2018 - The year of ‘Micro Influencers’

The dynamics of influencer marketing has rapidly changed in the last year with brands and agencies investing heavily on a selection of ‘micro influencers’ (reach of 1, 000 to 10,000 followers), as they have proven to be more effective in transferring to sales than working with a selected ‘macro influencer’ or celebrity (reach of 100,000 - 1 million followers). Why are brands making the influencer marketing shift in an industry whereby 2020 will be worth approx. $5 - $10 billion? (mediakix.com, 2018)

For many decades celebrities were used to promote a brand's product or services across TV and print campaigns, and still to this day are being used by international household names like Coca-Cola and Adidas. With the introduction of social media as a marketing and engagement tool (YouTube, Facebook, Instagram etc.) consumers were able to create their very own brand content and influence their respective peer communities, whether they realised it or not.

Ninety-two per cent of consumers now trust an influencer or peer recommendation more than a celebrity advert or endorsement (Forbes, 2016). The results of traditional advertising and marketing activity are often assumed and not quantifiable, whereas working with "authentic" influencers as brand beacons is not only widely viewed as a trustworthy source, but can directly impact on the brand's sales.

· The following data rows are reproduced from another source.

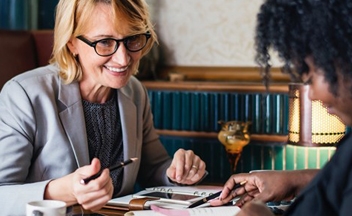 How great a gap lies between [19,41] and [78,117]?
21.5 inches

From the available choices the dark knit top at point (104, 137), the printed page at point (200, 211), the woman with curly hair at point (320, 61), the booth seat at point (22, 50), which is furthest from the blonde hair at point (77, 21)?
the woman with curly hair at point (320, 61)

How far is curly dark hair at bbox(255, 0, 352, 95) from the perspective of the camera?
3.63 ft

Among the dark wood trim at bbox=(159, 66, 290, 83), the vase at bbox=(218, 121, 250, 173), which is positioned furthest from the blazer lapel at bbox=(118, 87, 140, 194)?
the dark wood trim at bbox=(159, 66, 290, 83)

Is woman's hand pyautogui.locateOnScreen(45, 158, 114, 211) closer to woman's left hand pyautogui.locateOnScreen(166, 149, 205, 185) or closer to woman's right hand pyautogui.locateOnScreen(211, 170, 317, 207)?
woman's right hand pyautogui.locateOnScreen(211, 170, 317, 207)

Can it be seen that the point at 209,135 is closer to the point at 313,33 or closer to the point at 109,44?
the point at 109,44

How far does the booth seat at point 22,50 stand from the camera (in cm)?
242

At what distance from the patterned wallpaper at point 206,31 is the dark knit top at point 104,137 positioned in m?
0.90

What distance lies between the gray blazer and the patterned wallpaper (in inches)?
35.2

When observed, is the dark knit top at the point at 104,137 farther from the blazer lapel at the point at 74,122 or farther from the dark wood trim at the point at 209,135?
the dark wood trim at the point at 209,135

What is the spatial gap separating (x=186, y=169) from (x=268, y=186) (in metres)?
0.39

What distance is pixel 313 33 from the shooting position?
1126 millimetres

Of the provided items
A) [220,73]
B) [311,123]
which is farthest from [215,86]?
[311,123]

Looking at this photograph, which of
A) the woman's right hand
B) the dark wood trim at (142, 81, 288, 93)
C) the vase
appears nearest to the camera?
the woman's right hand

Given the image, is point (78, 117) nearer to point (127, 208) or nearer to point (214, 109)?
point (127, 208) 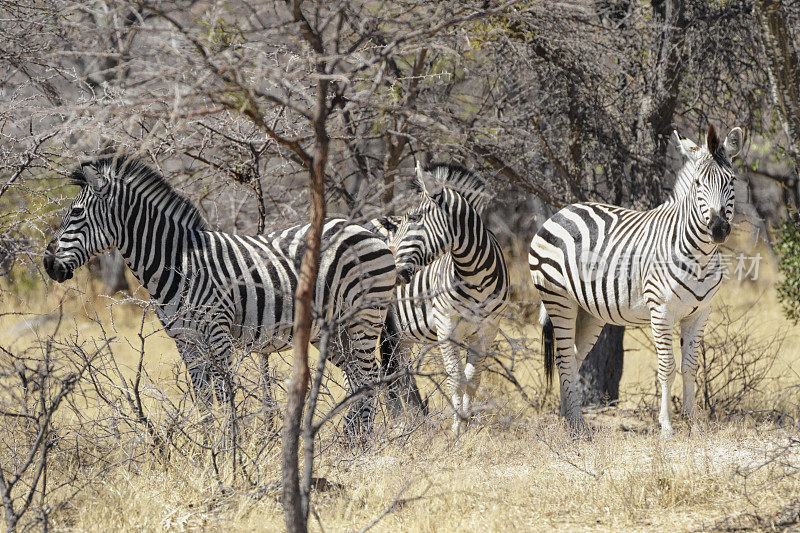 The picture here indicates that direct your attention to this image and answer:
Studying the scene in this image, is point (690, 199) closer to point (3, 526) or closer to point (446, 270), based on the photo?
point (446, 270)

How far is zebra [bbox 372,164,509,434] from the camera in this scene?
6.64 meters

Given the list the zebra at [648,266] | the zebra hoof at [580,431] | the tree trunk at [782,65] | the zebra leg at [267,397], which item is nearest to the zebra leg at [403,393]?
the zebra leg at [267,397]

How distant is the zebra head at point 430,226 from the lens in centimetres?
662

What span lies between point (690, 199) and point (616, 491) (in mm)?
2560

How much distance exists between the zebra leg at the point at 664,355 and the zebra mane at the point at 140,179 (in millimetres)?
3683

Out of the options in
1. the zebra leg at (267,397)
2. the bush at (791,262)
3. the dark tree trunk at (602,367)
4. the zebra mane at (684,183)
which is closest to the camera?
the zebra leg at (267,397)

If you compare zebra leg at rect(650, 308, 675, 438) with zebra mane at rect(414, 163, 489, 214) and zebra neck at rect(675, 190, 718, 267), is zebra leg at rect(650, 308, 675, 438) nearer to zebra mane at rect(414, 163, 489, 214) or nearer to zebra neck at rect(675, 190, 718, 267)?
zebra neck at rect(675, 190, 718, 267)

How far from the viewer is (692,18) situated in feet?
24.9

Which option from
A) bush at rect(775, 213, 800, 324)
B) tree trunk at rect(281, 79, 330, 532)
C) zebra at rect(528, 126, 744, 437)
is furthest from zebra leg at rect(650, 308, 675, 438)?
tree trunk at rect(281, 79, 330, 532)

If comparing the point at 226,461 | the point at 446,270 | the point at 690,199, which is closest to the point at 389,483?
the point at 226,461

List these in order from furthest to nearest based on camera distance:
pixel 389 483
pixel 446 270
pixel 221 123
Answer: pixel 446 270, pixel 221 123, pixel 389 483

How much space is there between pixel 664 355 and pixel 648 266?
0.72 m

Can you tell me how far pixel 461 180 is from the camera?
7.12 metres

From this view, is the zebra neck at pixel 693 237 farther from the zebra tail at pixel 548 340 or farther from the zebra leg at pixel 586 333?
the zebra tail at pixel 548 340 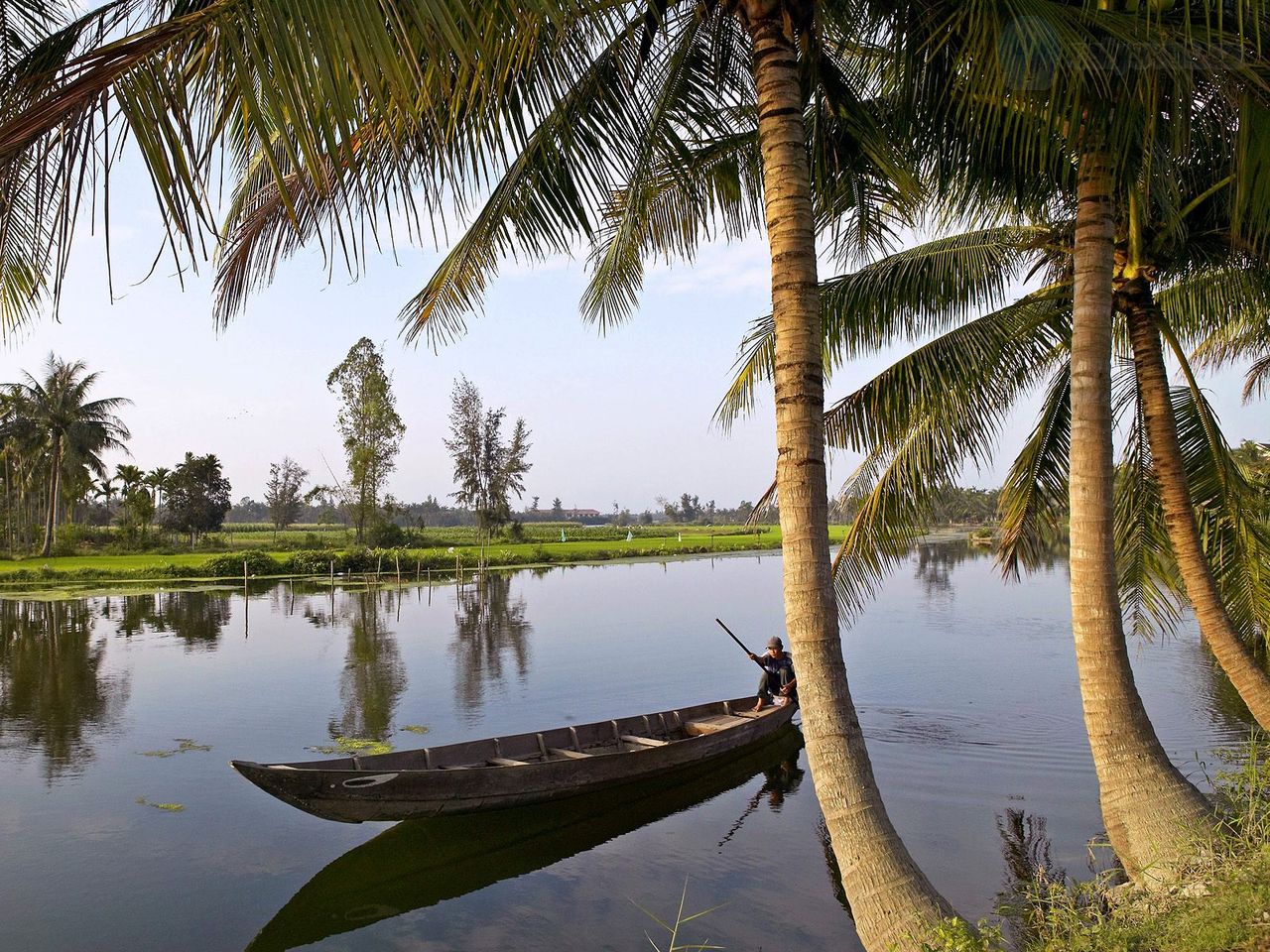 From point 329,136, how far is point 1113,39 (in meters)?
4.60

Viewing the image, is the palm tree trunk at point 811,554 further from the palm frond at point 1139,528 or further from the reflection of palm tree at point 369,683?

That is why micro influencers who specify a specific interest or "specialisation", despite having less reach, are more valuable to brands long term as they present a more targeted gateway, identifying and speaking to those niche audiences (relevance.com, 2015). Brands understand that working with ‘macro influencers’ and celebrities (high reach and less engagement) to promote their products or services can increase brand awareness, however, the cost is very expensive (if not unattainable) without a guarantee on investment.

With the rise of "fake followers", brands will have to associate with influencers who have ‘real influence’ on sales by analysing the performance of promotions. With the introduction of ‘paid partnership transparency’ as requested by the Federal Trade Commission (FTC), consumers and followers alike will become less influenced by ‘paid’ product reviews and features. Therefore, marketers are turning to micro influencers and everyday consumers (low reach and high engagement) to advocate the brand long-term to niche audiences.

Another interesting phenomenon and hurdle facing brands internationally is overall consumer trust, which declines year on year, whereby competition in the marketplace increases year on year. For those brands using influencers as part of their marketing spend it is vital they evaluate the difference between influence and audience. Steer clear of influencers with audiences an inch deep and a mile wide, or audiences that aren't showing genuine engagement, regardless of high follower numbers.  An account or person with a high number of followers isn’t guaranteed to influence behavioural change amongst consumers, and therefore brands really must spend time investigating who are the people with ‘real influence’, and subsequently have the highest likelihood of creating awareness and ultimately, sales. (Cision Global, 2018).